At the national level, the state favors the Democratic Party: Both of its Senators have been Democrats since 1982, and George H.W. Bush was the last Republican candidate for President to carry the state, in 1988. However, previous governor Chris Christie was a Republican serving from 2010 to 2018, as was Christine Todd Whitman, who served from 1994 to 2001.

New Jersey is split almost down the middle between the New York City and Philadelphia television markets, respectively the largest and fourth-largest markets in the nation. As a result, campaign budgets are among the largest in the country.

In 1776, the first Constitution of New Jersey was drafted. It was written during the Revolutionary War, and was created a basic framework for the state government. The constitution granted the right of suffrage to women and black men who met certain property requirements. The New Jersey Constitution of 1776[3] allowed "all inhabitants of this Colony, of full age, who are worth fifty pounds proclamation money" to vote. This included blacks, spinsters, and widows; married women could not own property under the common law.
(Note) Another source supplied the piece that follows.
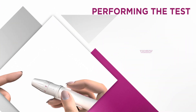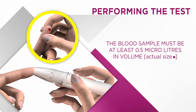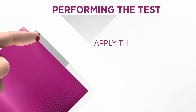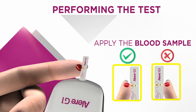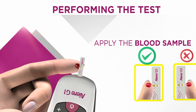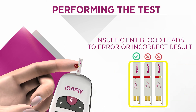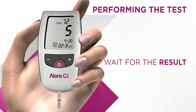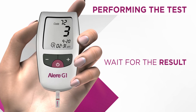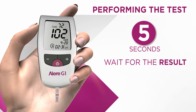Lance the fingertip on the side and form a small drop — only 0.5 microliters is needed. Apply the drop onto the side edge of the sample window and hold on till the monitor beeps. If there's insufficient blood, as indicated in the confirmation window, it may give an inaccurate result or an error. Discard the strip and start afresh. When blood is sufficiently applied, the monitor will begin the countdown and the result will appear in five seconds.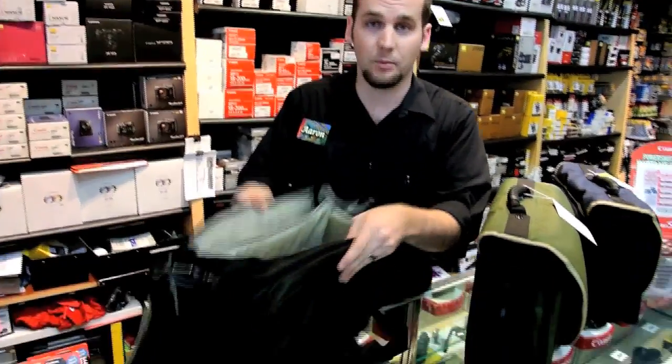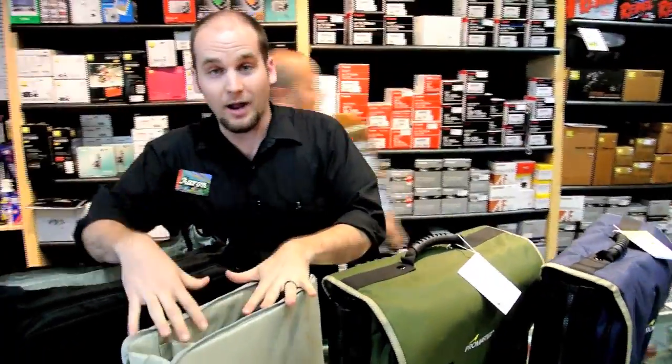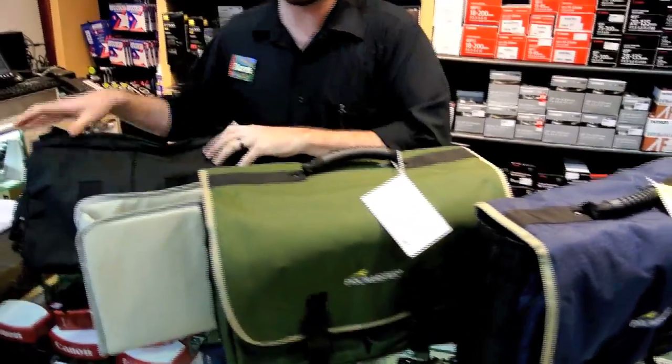Hey, welcome to Horn Photo. Today we have this great shoulder bag. It's an excellent camera bag — it's expandable. You can take the photo insert out to get your camera out of the bag and work on a tabletop. Right now we have these three great colors: navy blue, fern green, and traditional black.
The Constitution declared itself temporary, and it was to be void if there was reconciliation with Great Britain.[4][5] Both parties in elections mocked the other party for relying on "petticoat electors" and accused the other of allowing unqualified women to vote.

The second version of the New Jersey State Constitution was written in 1844. The constitution provided the right of suffrage only to white males, removing it from women and black men. Some of the important components of the second State Constitution include the separation of the powers of the executive, legislative, and judicial branches. The new constitution also provided a bill of rights. The people had the right to directly elect the governor.

In national elections, the New Jersey has recently leaned towards the national Democratic Party.

For much of the second half of the 20th century, New Jersey was one of the most Republican states in the Northeast. It supported Republican presidential candidates in all but two elections from 1952 to 1988. It gave comfortable margins of victory to the Republican candidate in the close elections of 1948, 1968, and 1976. New Jersey was a crucial swing state in the elections of 1960, 1968, and 1992.

However, the brand of Republicanism in New Jersey has historically been a moderate one. As the national party tilted more to the right, the state's voters became more willing to support Democrats at the national level. This culminated in 1992, when Bill Clinton narrowly carried the state, becoming the first Democrat to win it since 1964. Since then, the only relatively close presidential race in New Jersey was in 2004, when Democrat John Kerry defeated George W. Bush in New Jersey by a margin of about seven percentage points. Clinton won it handily in 1996, and Al Gore won it almost as easily in 2000. In the 2008 and the 2012 presidential election, Democrat Barack Obama carried the state by more than 15 percentage points. Hillary Clinton won it by over 14 points in 2016. Indeed, the 2004 election is the only election in recent years where the race hasn't been called for the Democrat soon after the polls closed. As a result, at the presidential level New Jersey is now considered part of the solid bloc of blue states in the Northeast.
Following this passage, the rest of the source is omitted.